Increasing our data sets will also allow for a determination of demographic influences (age, sex, cultural background, political orientation, language, recognition) on activation patterns. Certainly these factors will have an influence on how objects are perceived, but may show up more in brain areas associated with emotional response than with object recognition.
We have embarked on a three-prong approach to develop our cognitive imaging data sets. First, as we image an increasing number of faces and objects, we are developing a Rosetta Stone-like library of corresponding consensus activation patterns, which we have termed Cognitive Engrams. Second, by analyzing the data bi-directionally, we expect to allow more fluid and on-line “mind reading” of the individuals being imaged.

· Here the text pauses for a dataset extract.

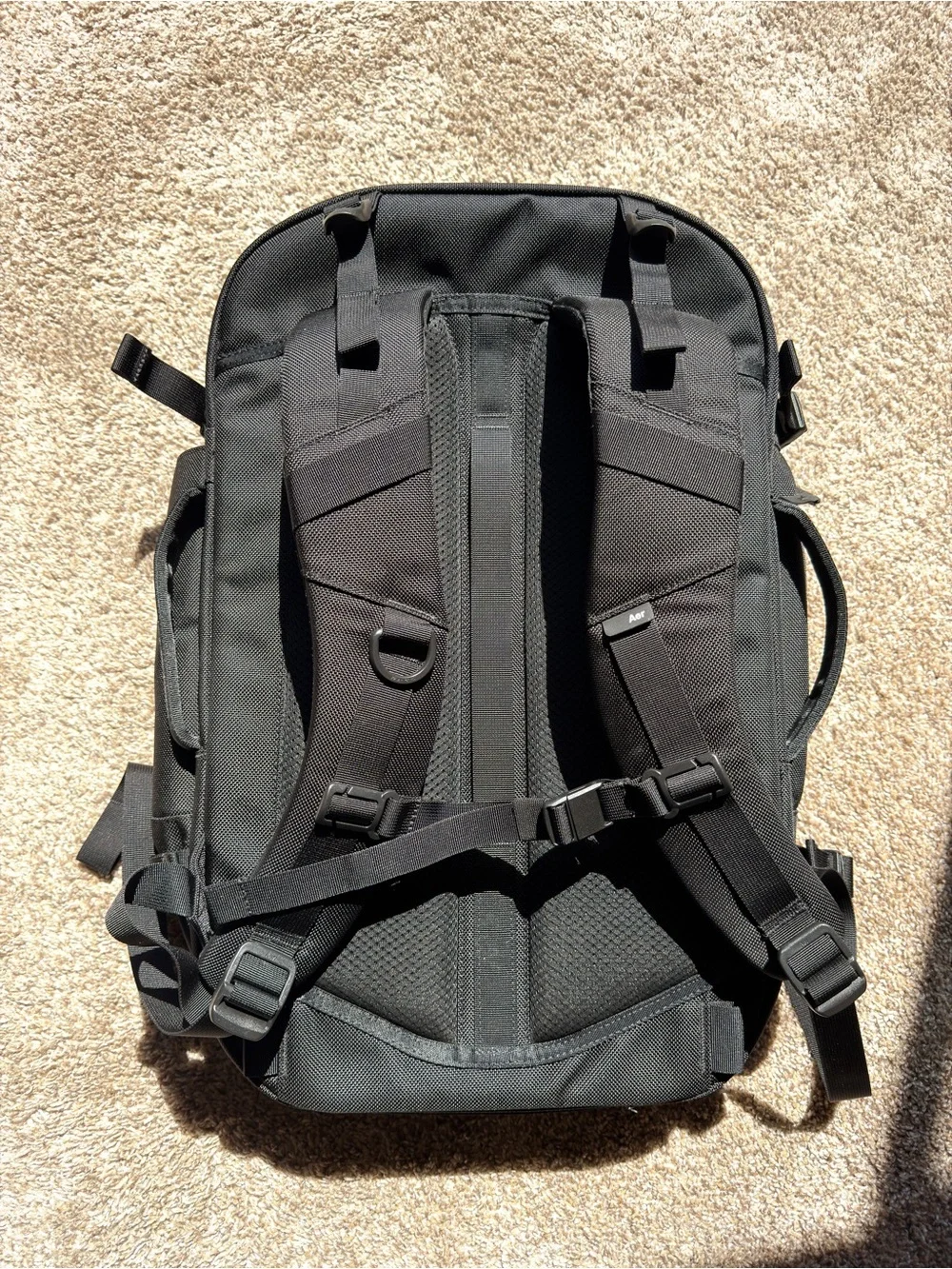 Aer Travel Pack 3: 35L - Brand New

Third, we are increasing the resolution of our data sets by using a 3T magnet, moving from 64x64 to 128x128 and soon to a 256x256 grid, increasing our computer processing power and software to accommodate as detailed an MVPA of all voxels (not just clusters) as possible (Sayres 2005), and investigating ways to quantify the intensity of a voxel rather than just its on or off state.
Conclusions
We have presented new imaging data that confirm and extend the conceptual interpretations of past authors in the area of visual recognition. We were able to produce experimental activation maps that were similar in some respects to imaging of drawings of generalized faces seen by Ishai et al (1999 and 2000). Our results for identification of fMRI patterns for general face recognition are consistent and extend prior work by Ishai, Haxby and others.
We have shown that for the first five faces and two objects we have studied; unique fMRI patters – Cognitive Engrams - are generated, allowing one to distinguish individual faces from the activation maps. We anticipate that this activation map library will form the basis of a Rosetta Stone, which will allow one to go from activation pattern to determine what (face, place, object, intent) was viewed.

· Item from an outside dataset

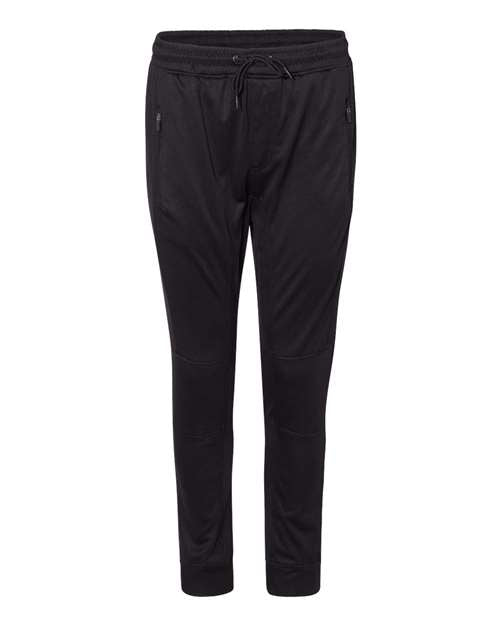Burnside 8801 - Black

Potential uses / applications of this Rosetta technology we have been exploring include the development of research tools for developing a deeper understanding of storage of visual objects in the brain. We are adapting our techniques to forensic applications including interrogation, looking for CE of specific faces, places, items, intents during national security and criminal investigations. CE can be applied to pharmacology research, for example looking for central nervous system therapeutic or adverse effects of various medications.

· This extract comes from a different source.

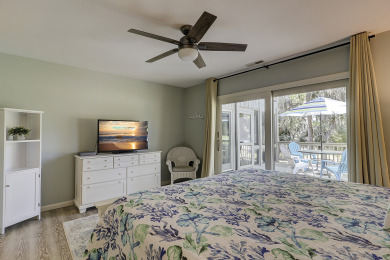 Lake House 1001 Tennismaster - 3 Bedrooms and a screened in porch to enjoy all season!, , on Atlantic Ocean - Hilton Head Island in South Carolina - Lakehouse Vacation Rental - Lake Home for rent on LakeHouseVacations.com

As the voxel size is further reduced, identification of individual cells and even subcellular areas of activation will be identified. It is conceivable that individual cells representing critical areas of a cognitive engram for an unwanted memory may have their activation state changed, through repolarization, inactivation / directed cell death, or modified in other ways. This may have the ability to modify (erase, create, modify) an individual memory. Concurrent with the development of these application areas, scientists must remain aware of the ethical implications of this work, and to avoid uses, which diminish or demean an individual's dignity and privacy.
Acknowledgements
We are grateful to St. Vincent's Hospital in Birmingham, Alabama for the generous use of their 3T MRI imaging time, and to Cooper Green Mercy Hospital for use of their clinical facilities.